Lorsque l'on veut réaliser une étude, quelle qu'elle soit, la première question de tout essayiste ou chercheur est celle des sources. Où trouver les connaissances ? Quelle bibliographie consulter ? Quels articles ont été publiés récemment ?
J'écris sur l'accompagnement spirituel des jeunes, et je confesse que la source fondamentale de ces lettres a été les jeunes eux-mêmes. En d'autres termes : pour décrire cet arbre de grâce qu'est l'accompagnement spirituel, je commence - pourquoi pas ? - par détailler ses merveilleux fruits dans les jeunes cœurs. Au cours de ces années de vie pastorale, j'ai vu beaucoup d'entre eux grandir dans la chaleur du dialogue spirituel. Dans cette réflexion, il est nécessaire d'enlever nos chaussures, nous marchons sur une terre sainte (cf. Ex 3, 5) : la tâche de la grâce dans les âmes est si délicate qu'elle mérite notre première attention.
Fruits
Une plante improductive n'est pas définie par ses fruits. Si l'on prend la peine de chercher le terme évangélique "tares" dans le dictionnaire de l'Académie royale de la langue espagnole, on n'y trouvera pas le mot "fruit". On dit que c'est une plante toxique, difficile à enlever sans déraciner aussi les bonnes graines, qui peuvent à elles seules endommager des récoltes entières.

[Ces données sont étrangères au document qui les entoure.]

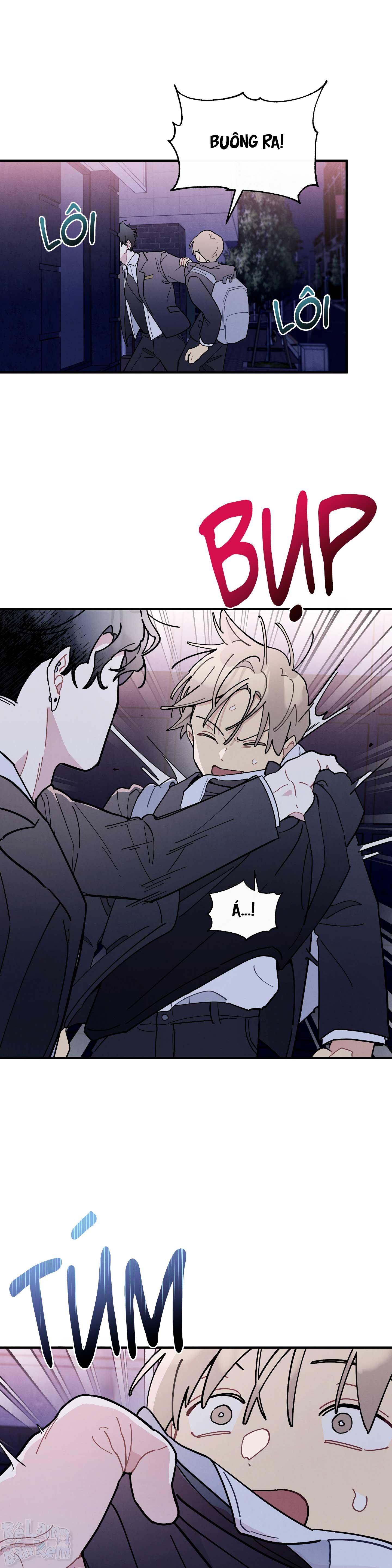 Đọc truyện One-Room TA - Chapter 60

En revanche, si l'on cherche "blé", la référence à sa belle "rangée de grains et de fruits" est presque immédiate. Le fruit en dit long sur la plante, au point de pouvoir qualifier son existence de bénéfique ou de nuisible.

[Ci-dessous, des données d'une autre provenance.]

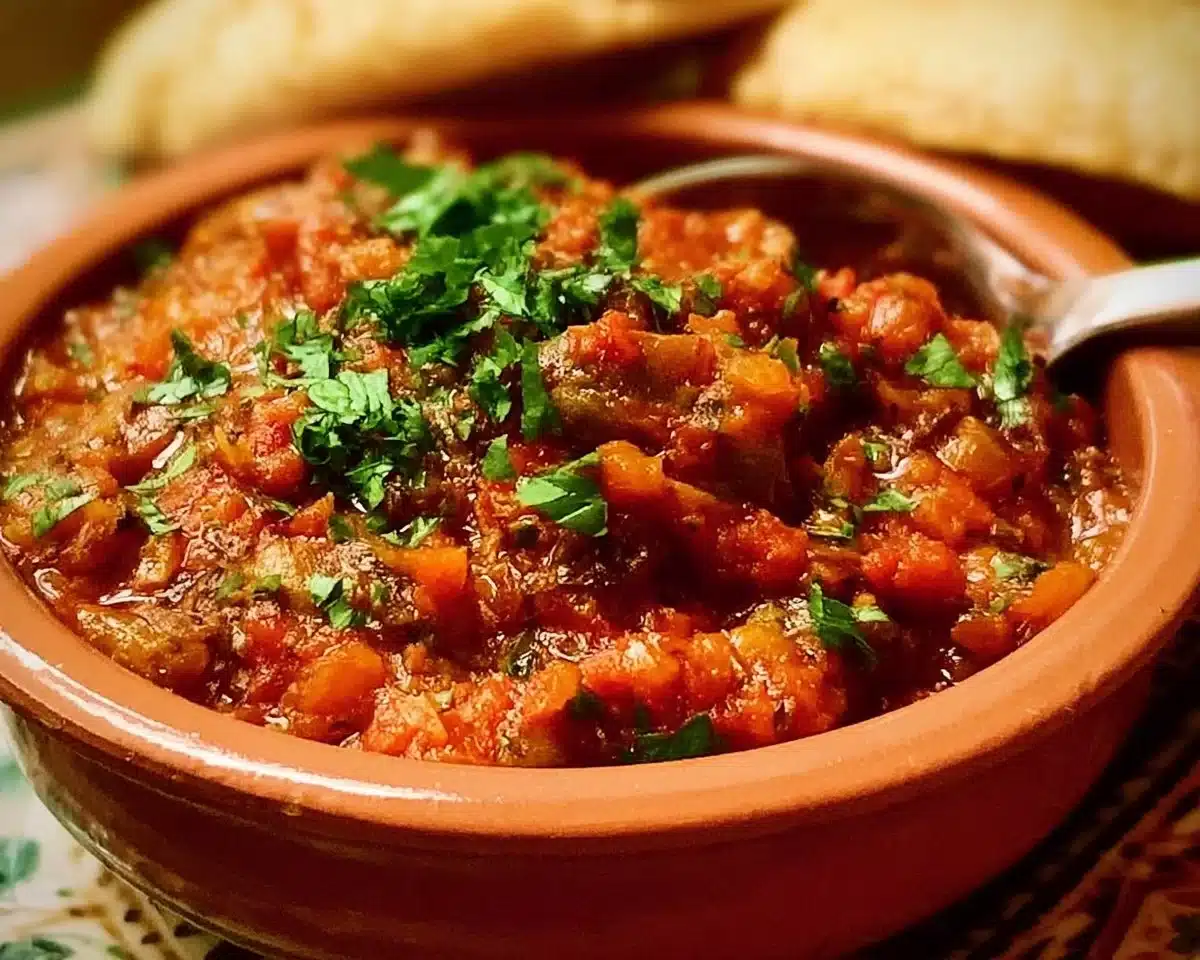 Zaalouk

Or, quel est le fruit produit par l'accompagnement spirituel dans les jeunes âmes ? Par-dessus tout, l'amour. Je sais que cela semble générique à l'oreille sceptique, et puisque c'est dans mon esprit de le rendre croyant, nous allons descendre bien en dessous pour détailler ce que signifie, dans ce contexte, l'amour.

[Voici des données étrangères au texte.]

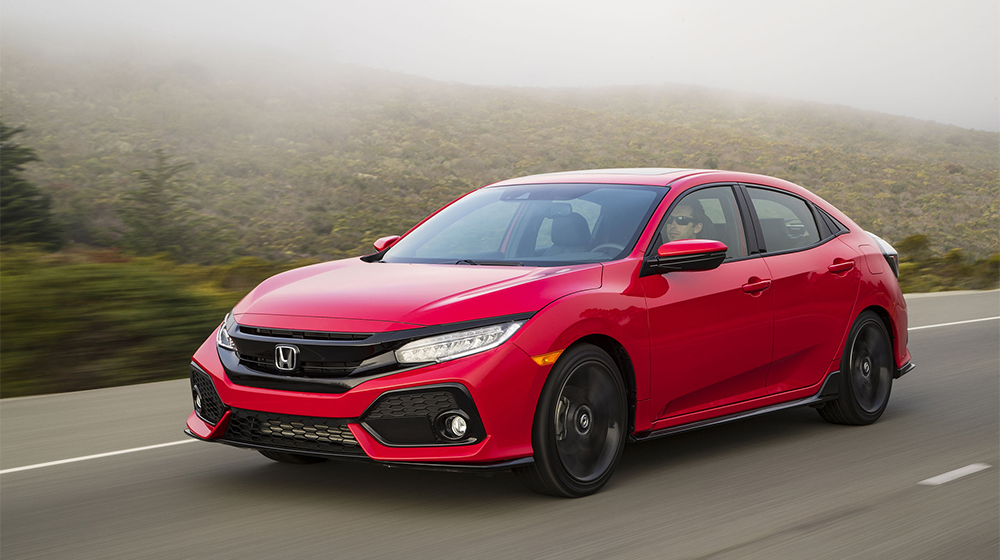 Honda sắp trình làng phiên bản Civic Si mới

Elle commence, même si elle n'est pas recherchée (peut-être parce qu'elle n'est pas recherchée), par un amour juste pour soi-même. De nombreuses filles et garçons ont appris à se respecter grâce à l'accompagnement spirituel. Lorsque le dialogue est extrêmement doux, il conduit à ce respect qui commence par soi-même. Les garçons commencent à penser qu'ils sont capables de quelque chose. Trop souvent, ils ont entendu des paroles de reproche, des jugements imprudents - et peut-être faux - sur la bonté des temps passés, des jugements réprobateurs sur leur volonté inconstante. Enfin, quelqu'un croit en eux, et je ne parle pas du compagnon spirituel, mais de Dieu lui-même. Peu à peu, on arrive à l'impressionnante conviction que quelque chose m'attend, Celui qui existait avant que les montagnes ne naissent ou que la terre ne soit engendrée, et qui a toujours et pour toujours été Dieu (cf. Ps 89, 2).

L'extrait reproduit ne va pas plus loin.